The Immunalysis™ ELISA for serum was also established for the detection of at least 3 ng/mL THC-COOH. With the exception of case I1, the ELISA was positive for at least 24 h post-consumption in all participants. Additionally, a good detection of the acute phase was observed for all cases. For participants O1, O2, O3, and I2 the test was positive up to the last serum sampling point. Therefore, the detectability could be possibly distinctly longer than reported here. As previous spike experiments showed, ELISA testing in serum seems to be beneficial to detect HHC consumption as well as acute phase compared to point-of-care tests7. However, obviously ELISA test performances are more time-consuming and require special test equipment which cannot be carried out during police controls.
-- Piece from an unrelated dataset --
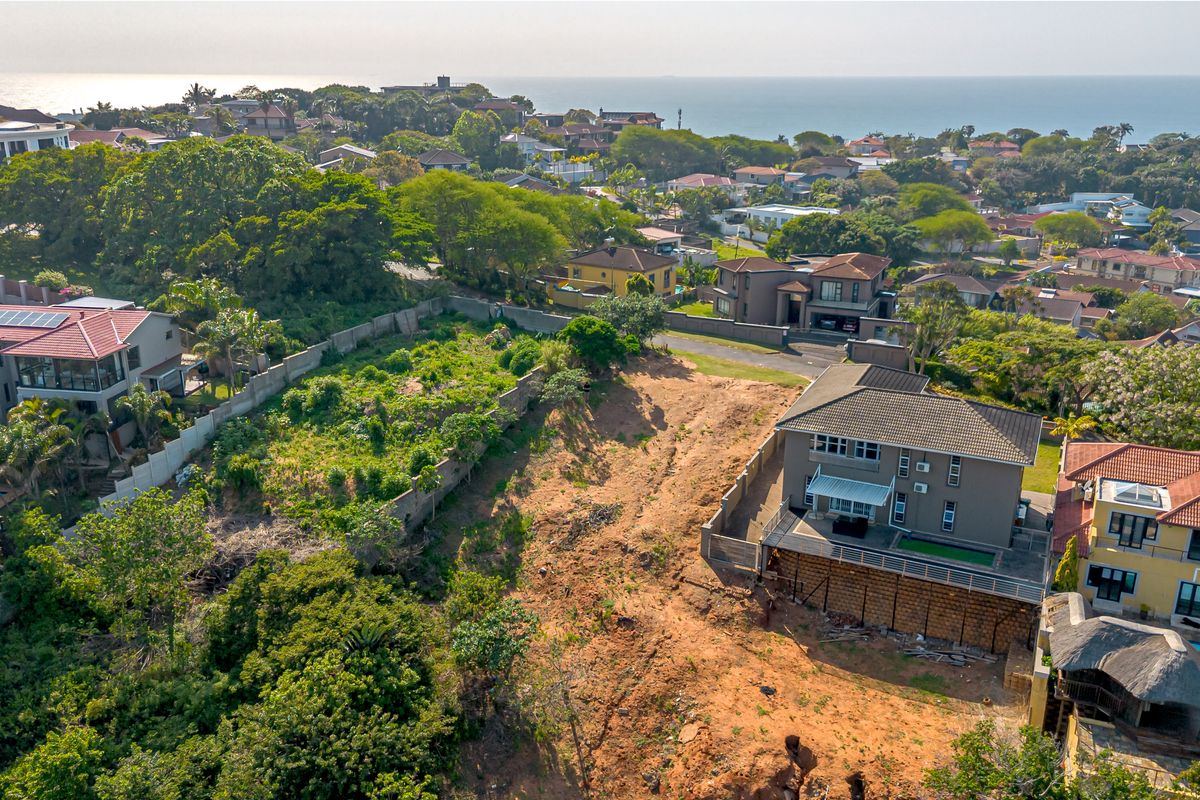 Aerial view of a vacant residential plot situated in a developed neighborhood, featuring established boundary walls and proximity to coastal views.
Overall, it has to be stated that all immunological tests were able to detect single HHC consumption. However, as described above, each test has its own characteristics which has to be taken into account.

Limitations of the study

The study only included a small number of subjects which limits statistical analyses. With this small study cohort, the influence of inter-individual differences cannot be finally evaluated. The results are therefore to be considered as preliminary. To confirm these previous findings, further studies with a larger number of participants are necessary. Additionally, only low doses and one-time consumption were examined. For higher doses and multiple intakes, significantly higher concentrations, longer detection periods and more severe impairments are conceivable. In addition, in this study only the parent substance and two of the main metabolites were investigated. Future studies with an expanded metabolite spectrum might be useful for further findings.

Conclusions

In this study, pharmacokinetic data for HHC and its two metabolites 11-OH-HHC and HHC-COOH were investigated in six individuals. Overall, pharmacokinetic characteristics of HHC seem to be similar to THC. As expected, differences between oral and inhalative consumption could be shown. Although there were clear differences between subjects, the psychoactive effects of HHC were evident even at the low doses tested. Therefore, the assumption that HHC consumption bears a potential risk to road safety can be confirmed. Further, similar studies with more participants and a placebo-controlled design are necessary to evaluate these preliminary data.